Deutsche Bank focused more than 20 junior bankers as well as a handful of senior employees this week as dealmaking dries up ahead of a potential downturn, The Post has learned.
The Tuesday layoffs of workers based in New York were concentrated in the German lender’s advisory group, which advises companies about prospective mergers and acquisitions, and origination, which offers loans particularly for mortgages, sources told The Post.
“This was a proactive effort to rein things in,” an insider told The Post. “This is a repositioning for where the bank is — it’s about aligning with the market.”
Another insider noted the numbers of employees laid off this year wasn’t dramatically more than years past. But given fears of a recession, the belt-tightening this year signals preparation for a slowdown. And for a younger generation of bankers, it is the first time many have faced layoffs.

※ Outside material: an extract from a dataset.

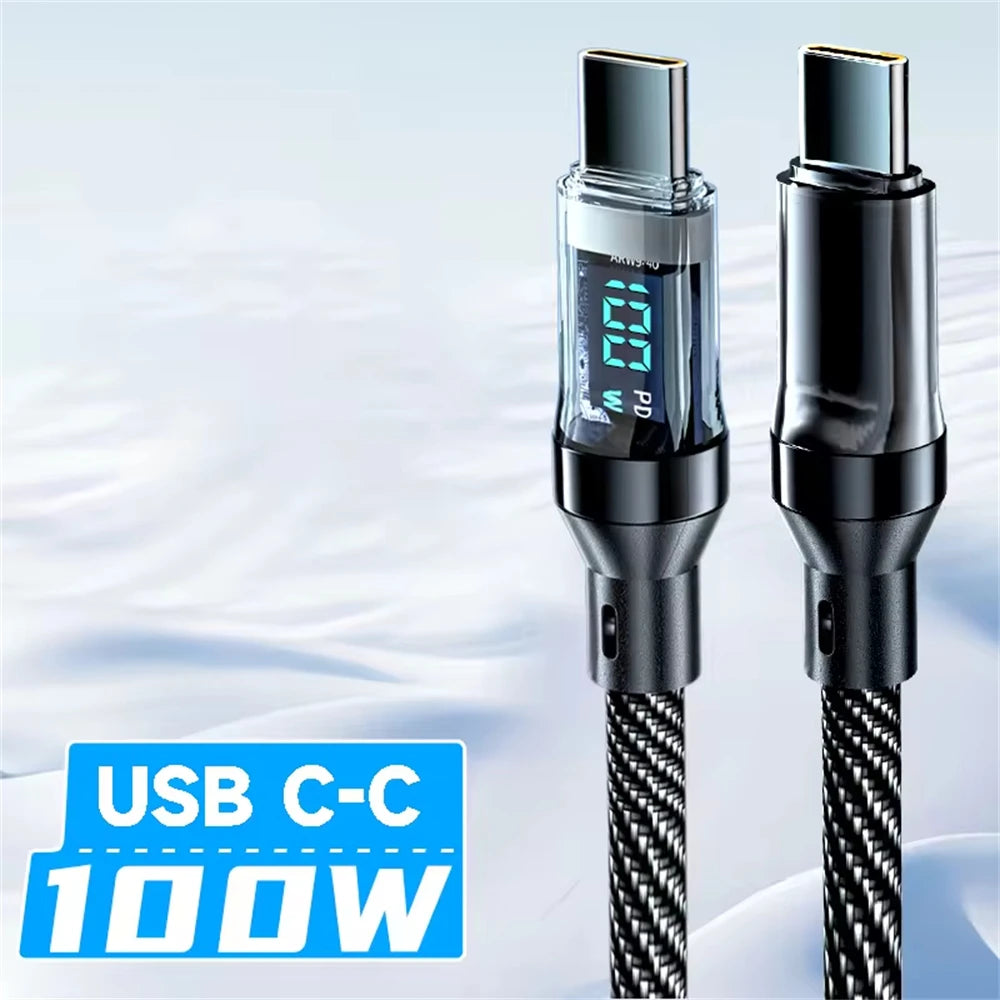 Braided 120W USB-C to USB-C fast charging cable with live LED digital power display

“There was a real shock factor with this round of layoffs,” the insider added. “There are so many people who have never been through a downturn.”
Earlier this week, The Post reported Goldman Sachs’ junior bankers are fearful of layoffs as CEO David Solomon announced plans to restructure the bank.

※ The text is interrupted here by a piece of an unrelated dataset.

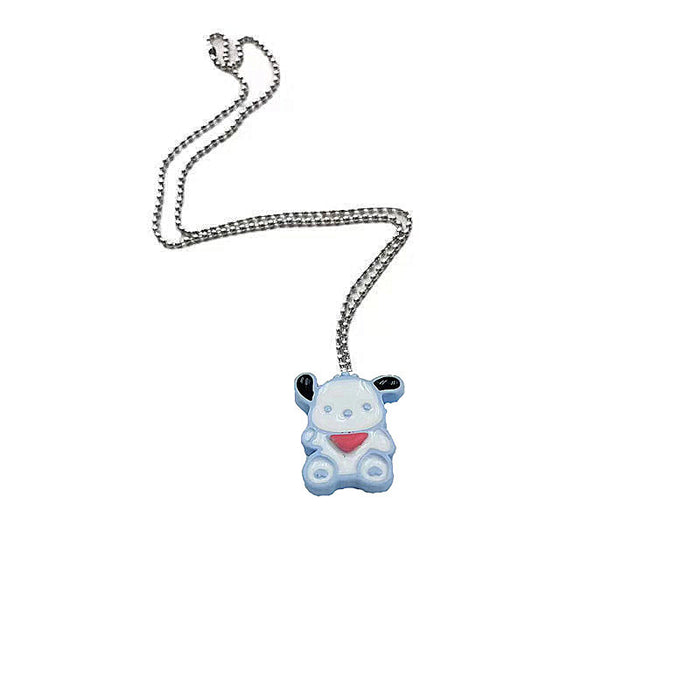 Y2K style hot girl puppy necklace cute oil drop version necklace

Unlike Goldman Sachs, Deutsche culled a handful of underperformers during the pandemic so bankers have faced some targeted layoffs. Advisory and origination have been hit hardest as investment banking revenue falls as much as 50% across the industry.
Talk of layoffs is creeping across Wall Street. Financial executives who have seen downturns before say they recognize the signs of a contracting economy and expect more cost cutting at every company.

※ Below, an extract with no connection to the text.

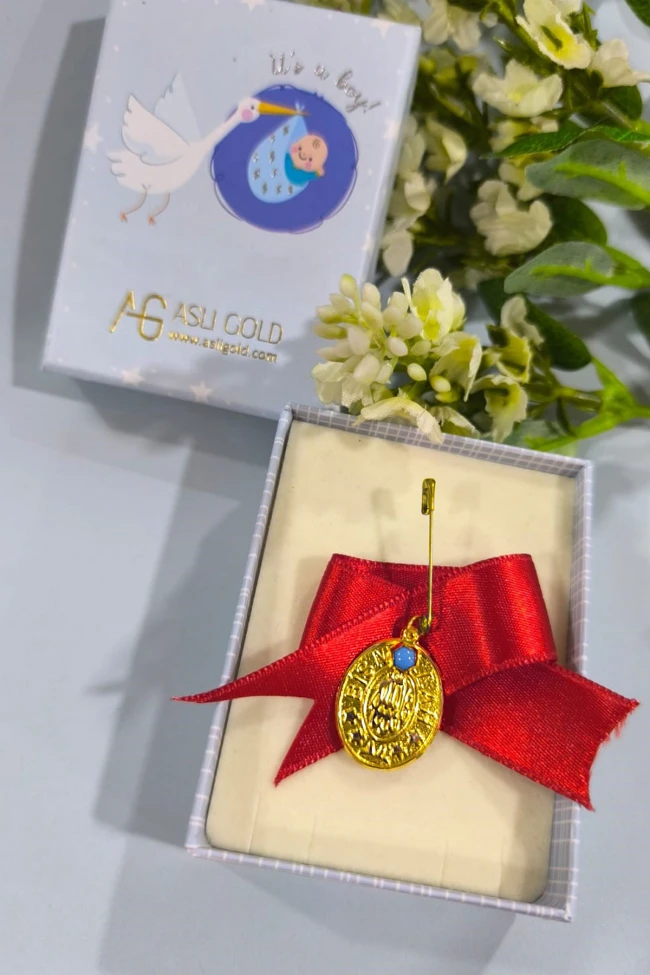 Bismillah Yazılı Oval Altın Bebek Omuz Nazarlığı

“Anyone that isn’t laying people off is in denial,” one Wall Street insider told The Post. “The fear is this is just the beginning. Management is under pressure to cut costs… they’re all lists making right now.”
Although a few higher level employees—including several managing directors—were affected, the bank is far more cautious about laying off senior executives. While junior bankers are far cheaper than senior executives, they’re also much easier to replace.
“It takes 15 years to make a managing director and when the market turns again you need that capacity to ramp up again,” an insider told The Post.
“You can easily replace junior bankers with the next graduating class,” a source added. “Jamie Dimon isn’t going to have kids sitting around drinking lattes all day — banks aren’t welfare for overeducated Ivy leaguers.”
While Deutsche is among the first banks to begin cutting this year, it certainly won’t be the last.
“If we get to the end of February and the economy isn’t as good as we hoped, there will have to be additional actions,” the source added.